Fragmanlardan ergenler için bol kanlı, şiddet dozu yüksek, Alienleri görmekten bıkacağımız bir film geliyor zannetmiştim ama, çok güzel başlamasına da, böyle devam ettirememesine de şaşırdığım bir ara macera oldu.
Final girl’ümüze babasından miras kalan kardeş android Andy ile ikilimiz filmin ana iskeleti. Baş kötümüzde eski bir dostun yüzünde yine şirket var. Fakat işte o ikinci kısım, daha önce çok kez denenip her birinde eleştirilen “melez” temasına dayıyor sırtını ve Marvel’ın yetersiz kötülerinden hallice bir heyecan düşüşüyle perdeyi kapatıyor. Başroldeki Cailee Spaeny yakın çekimde dahi yıldız ışığını korumakla birlikte, Covenant’ın Katherine Waterston’undan çok da uzak fenotipte görünmüyor. İkinci filmin Sigourney repliğini Andy’den duymak hoş olsa da, aynı kalibrede bir baş düşman türetememek (nasıl oluyorsa) filmin en büyük, ama gerçekten büyük (son lokma) handikabı oluyor. Yoksa su gibi akıp giden, gerilimini iyi kötü muhafaza eden bir film var karşımızda. Lakin ilk 2 filmin yerleşik beklentisi çıtayı o kadar yukarıda tutuyor ki, ister istemez doyum noktasına yakın bir film bekliyorsunuz.

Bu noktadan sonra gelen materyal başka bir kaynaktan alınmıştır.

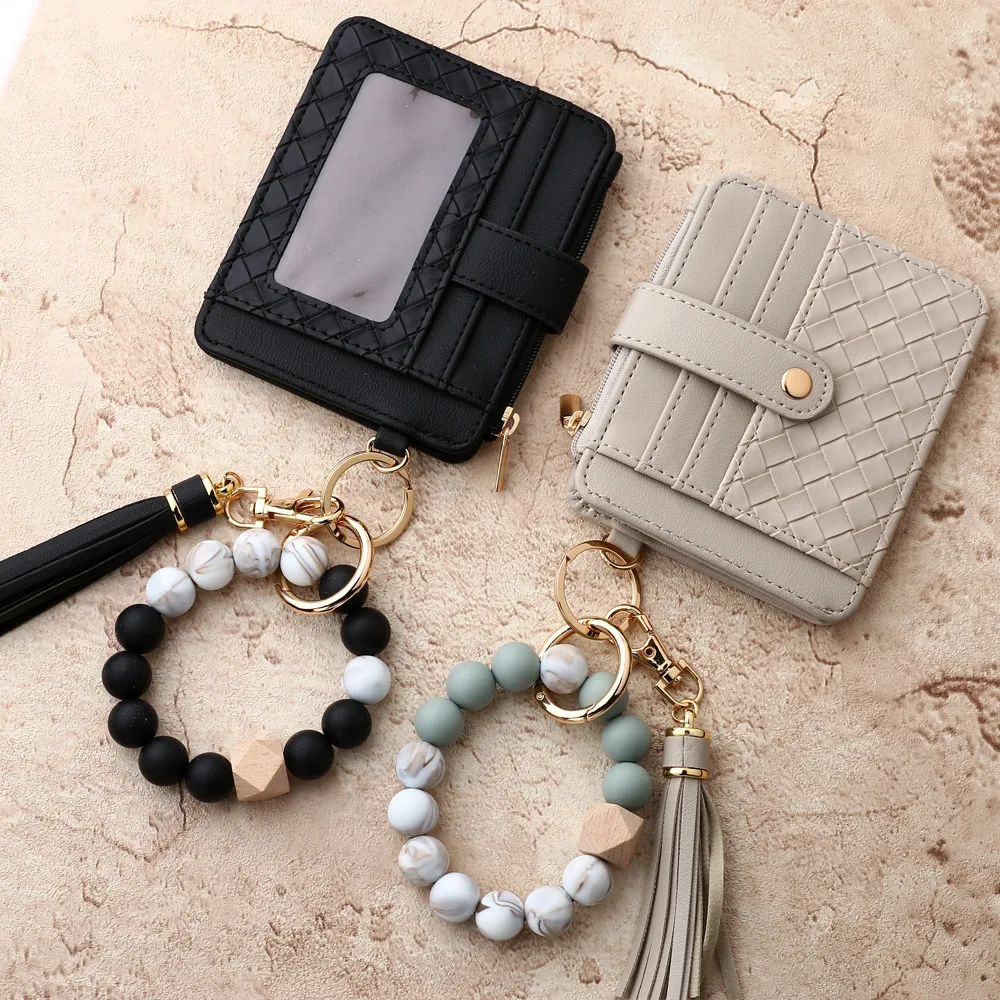Portable Keys Ring card Holder Silicone beaded bracelet wallet wristlet cardholder Keychain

Bir öneri de yeni filmlere: 4. film duyurulduğunda olası 4 senaryodan birinin Predator gibi ormanda geçecek olduğu söylenmişti. Şahsen, birbirinin aynı senaryolar yerine ben cangılda geçecek bir serüveni yeğlerim. Yakında o da çekilir elbet, geriye McTiernan gibi burnu iyi koku alan bir yönetmen bulmak kalacak. O güne dek, Newt’i kurtarmaya ve Ripley’le Kraliçe tekmelemeye devam!